What is storytelling?
In a very simple way, storytelling is the act of telling a story. In any presentation, whether it is marketing, financial, operational; it should always be conceived in the manner of a story. Yes, a story like we tell children!
Building your story
When I started reading about storytelling, the first thing that came to mind were my French classes in high school: the famous written productions. In our school classrooms, we learned to make a plan in 3 sections: introduction, argument, conclusion. Today, it’s exactly the same when making a presentation, regardless of the subject. Who said that what we learned at school was not useful to us as adults?
Introduction: Presenting the problem
It can be a decrease in sales, a new advertisement to do, a problem that was investigated following a survey. Even if it is, for example, a simple end-of-year review, we shouldn’t stop at platonic narration of each of the indicators one by one. To be interesting and capture the audience’s attention, a story must have a narrative. A story that everyone knows the ending to loses its interest. So you have to put yourself in the shoes of your audience. What are they looking for? What is the difference between the current state of affairs and the goal they seek to achieve? The problem may lie precisely there, within the gap between these two states.
Argument: Convince to take action
Whereas in the previous section we set the scene and identified a problem, here we try to convince the audience to take action to resolve this problem. Who likes to be presented with a problem without having a single solution? No one!
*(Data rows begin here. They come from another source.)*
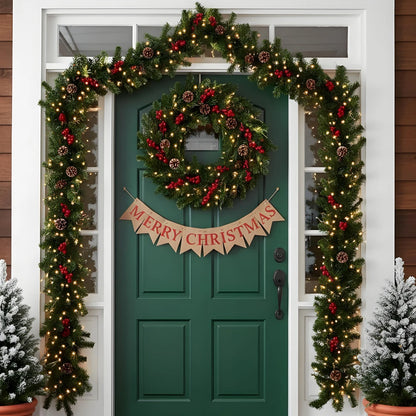 Evergreen Glow 270cm LED Christmas Garland — Pinecones & Red Berries | Seasons Co.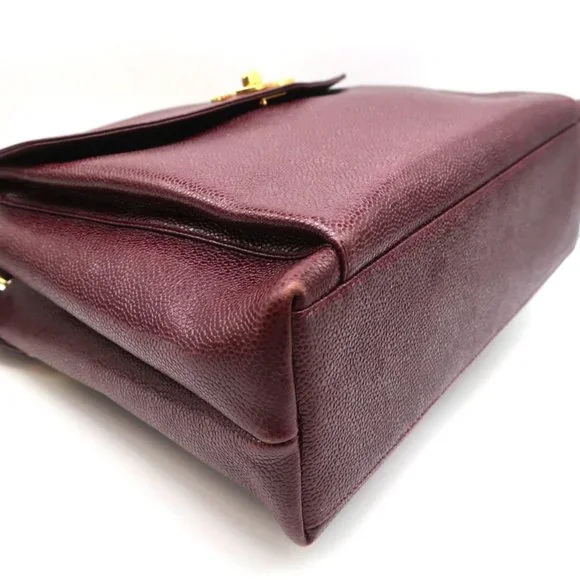 VINTAGE CHANEL 1990S CC FRONT POCKET TOTE BORDEAUX CAVIAR LEATHER SHOULDER BAG - Picture 8 of 12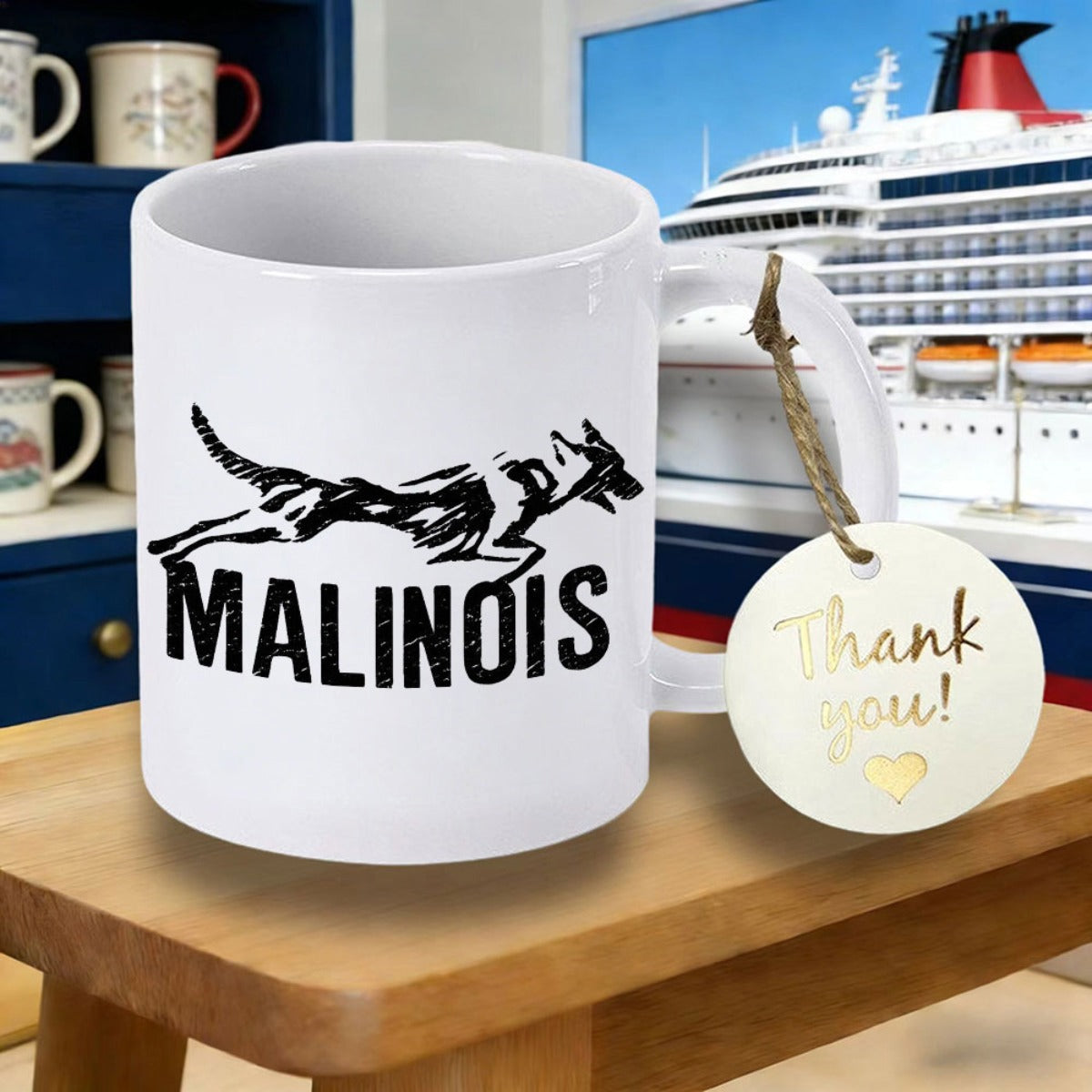 Tailorly White Ceramic 11 oz Mug - Malinois Dynamic Black Silhouette Showing Powerful Athletic Running Dog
We must absolutely avoid pointing out the problem and then returning to our business, hoping that the problem will solve itself. We must propose possible solutions that could solve the problem. With the analysis of the data, we certainly already have an idea of how to solve the situation and therefore, we must convince the audience of a particular solution. In practical terms, how can we do this?
In her book entitled Storytelling with data – A data visualization guide for business professionals, Cole Nussbaumer Knaflic provides some ideas:
- Incorporate external context and benchmarks;
- Give examples to illustrate your point;
- Present figures that demonstrate the problem: and not just figures, graphs, illustrations; picture your solutions!
- Demonstrate what will happen if nothing is done;
- Present some possible solutions to start a discussion;
- Illustrate the benefits of your solution;
- Make it clear to your audience that they have the power to make a difference and take action.
Don’t forget to tailor the narrative to your audience’s goals. If the problem is operational, focus the discussion on what will motivate them to move: market share, increase revenues, beat a competitor? A pitch presenting an opportunity to bring in additional sales may be more convincing than the same opportunity that presents the possibility of improving customer satisfaction (even if they are most likely related).
Conclusion: Taking Action
This is when the next step is to be identified. What should your audience do with this new knowledge? One should never conclude with a simple recap. We must present what we expect next. We return to the specific issue raised at the beginning and reinforce the message about the importance of action.
We could also summarize the 3 sections of a presentation to these 3 simple questions:
What? So what? Then what?
Always have these 3 questions in mind for your presentations!